Last October, an authoritative UN report issued an ultimatum: slash global fossil fuel emissions or brace for catastrophic climate change. We have 12 years. Several nations have begun to mobilize. Informed Americans offer the Green New Deal (GND).
The American Action Forum, a right-leaning policy institute, estimated the GND’s ten-year cost at between $51 trillion and $93 trillion. The higher estimate includes $46.6 trillion for a guaranteed jobs program and $36 trillion for Bernie Sanders’ comprehensive plan for Medicare for All.
Suppose, however, we leave out the jobs program. We also can ignore the cost of health care, because we’ll pay $36 trillion anyway under the present system. The high estimate then drops from $93 trillion to $10.4 trillion over ten years.
Here’s one way to reach universal health care. Temporarily preserve and improve the Affordable Care Act. Let the exchanges include a Medicare buy-in policy to compete with private policies.
Gradually lower the age at which people qualify for Medicare. For example, in 2020, let people qualify at age 60. In 2021, at age 55. In 2022, at age 50. By 2032, all Americans would qualify for Medicare at birth.

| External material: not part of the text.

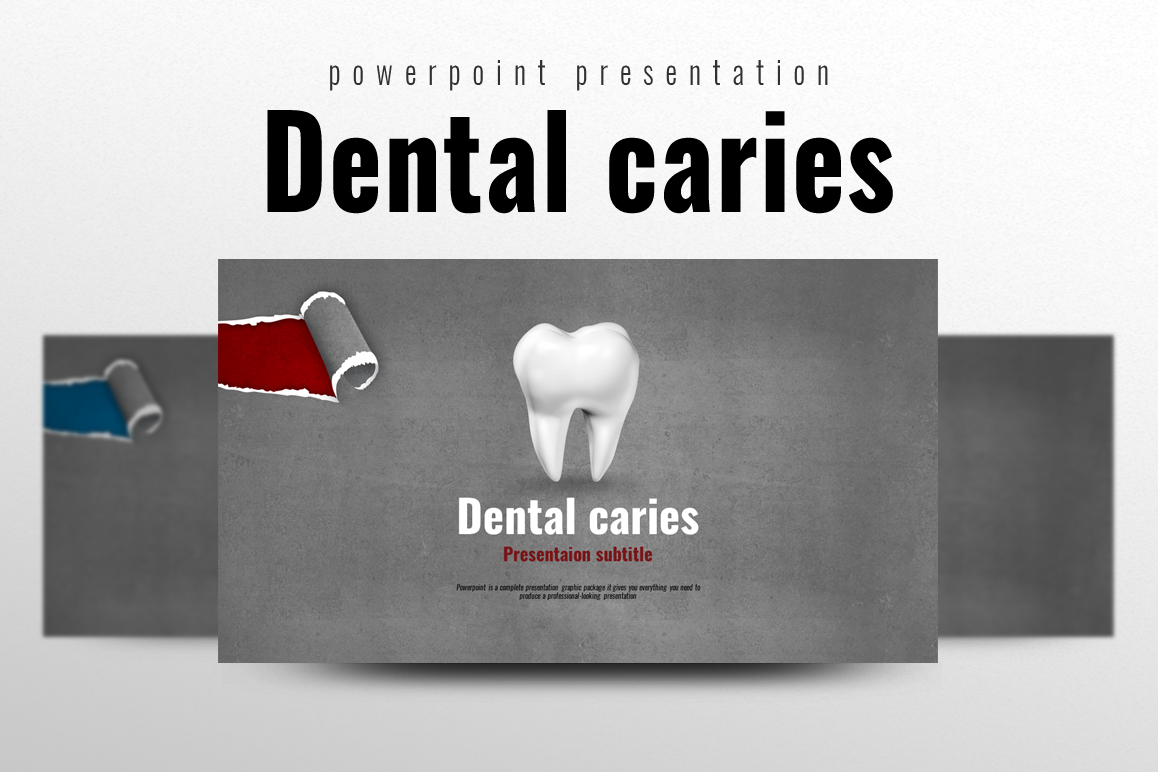 Dental Caries PPT example image 1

Employer-based insurance plans and private plans would coexist with Medicare. In time, however, such plans would become fewer or fade away, along with the Affordable Care Act.
Free college would cost the federal government $70 billion a year (Sanders’ plan) and would help displaced fossil fuel workers learn new skills.
A punitive tax on fossil fuels, becoming steeper every year, would spark a free market transition to green energy and electric cars.
The GND invests heavily in infrastructure, prioritizing a modern electrical grid and high-speed rail.
After factoring in production efficiencies built into the GND, and subtracting externality costs of fossil fuel use, we reach a heartening conclusion. The 10-year cost of the Green New Deal might be less than $10 trillion. We can afford that. If the UN report is right, we must.